Reading this, it’s easy to conclude that the environmental activists so intent on permanently stopping seismic surveys off the Wild Coast may have failed to see the broader picture. Journalists are taught to get both sides of an argument and to view the bigger picture when analysing or reporting. It is not a formula protagonists like when emotions are involved but we generally know we’re getting it right when both sides attack us. This is no different. By urging those corporates – which have some empathy with Hosken Consolidated Investments (HCI) and activists and litigants in this crucially important contestation – to read the painstakingly compiled pragmatic argument below, we hope to encourage constructive debate that takes account of the wider South African picture: people’s economic wellbeing as well as their environment. There is always a balance to be struck and, in this matter, too many people seem to be falling off the beam. – Chris Bateman 

Issued by the board of HCI: 

It is growing clearer by the day that seismic surveys are not themselves the cause of the call to action. What has offended is the fact that such surveys are part of a programme of exploration for oil and gas resources.

Environmental activists have raised the most frightening concerns that the seismic surveys around the South African coastline will cause irreparable harm to coastal communities and marine life.

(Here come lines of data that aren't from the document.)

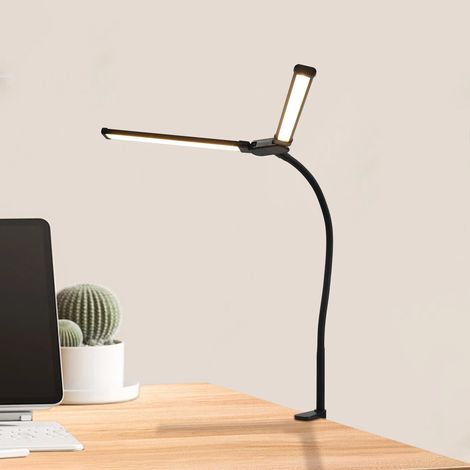 Dual Head USB Desk Lamp LED Flexible Reading Light 10 Brightness 3 Colours  for bedroom, office, living room, bedside table, desk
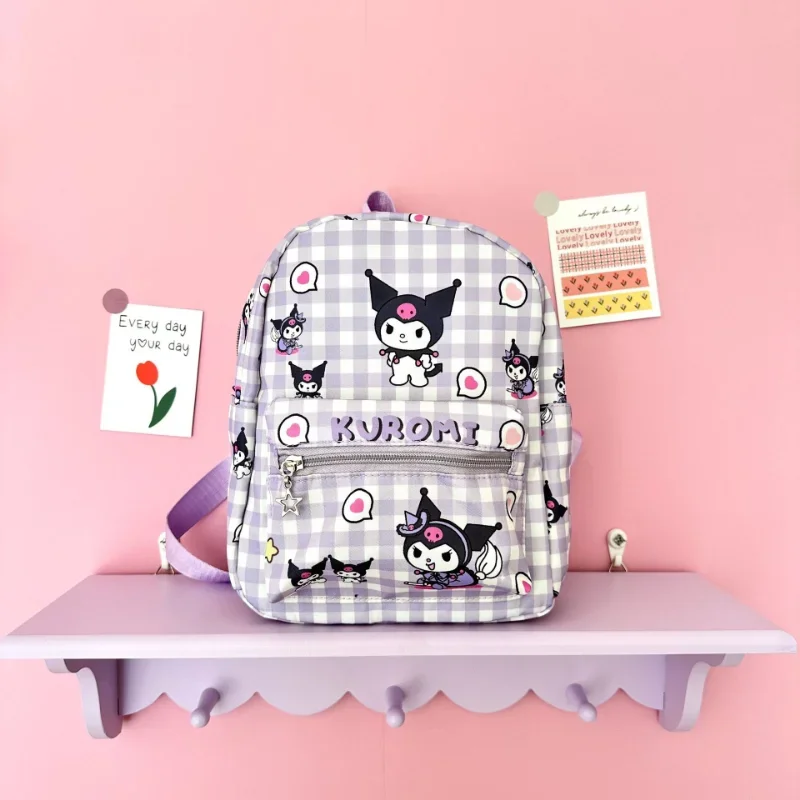 Sanurgente-Sac d'école de dessin animé mignon, sac à dos léger de grande capacité, sac à carreaux enfantin frais, Hello Kitty, Kulomi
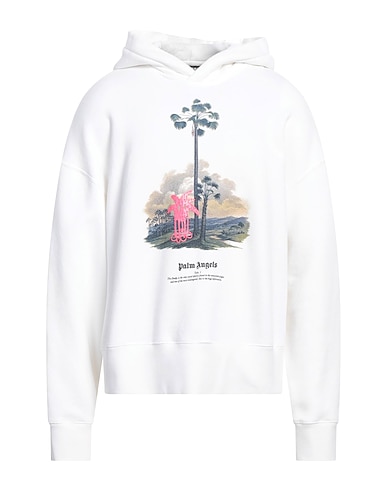 PALM ANGELS Hooded track jacket  Off white 100% Cotton, Elastane, Polyester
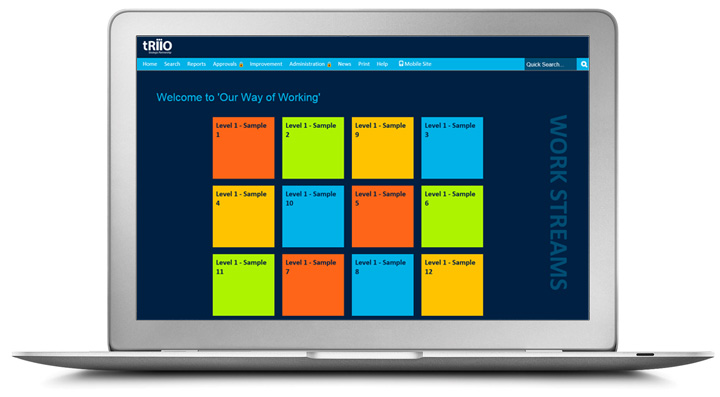 a laptop displaying tRIIO's process library - a navy background with 12 different coloured square buttons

The allegations include suggestions that whales will die or be beached as a result and that fishing stocks will be decimated to the detriment of local fishing communities.

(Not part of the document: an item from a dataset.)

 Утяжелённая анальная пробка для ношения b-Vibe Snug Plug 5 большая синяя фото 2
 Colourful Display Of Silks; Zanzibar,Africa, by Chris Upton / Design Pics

The implicit criticism of HCI is that whatever its reasons for believing it important to explore for hydrocarbons, it appears indifferent to the environmental damage caused in the process. This is absolutely untrue.

As difficult as it is to be heard in such an intensely emotional argument that has a great tendency to simply slip into character assassination, we must state our disagreement with these attacks.

We believe the concerns about such surveys are greatly exaggerated. They have certainly not been demonstrated in other such surveys around our coast. There have been at least 35 3D surveys conducted offshore of South Africa and numerous 2D seismic surveys with zero reports of death, strandings or serious injury to marine mammals from exposure to sound from seismic surveys.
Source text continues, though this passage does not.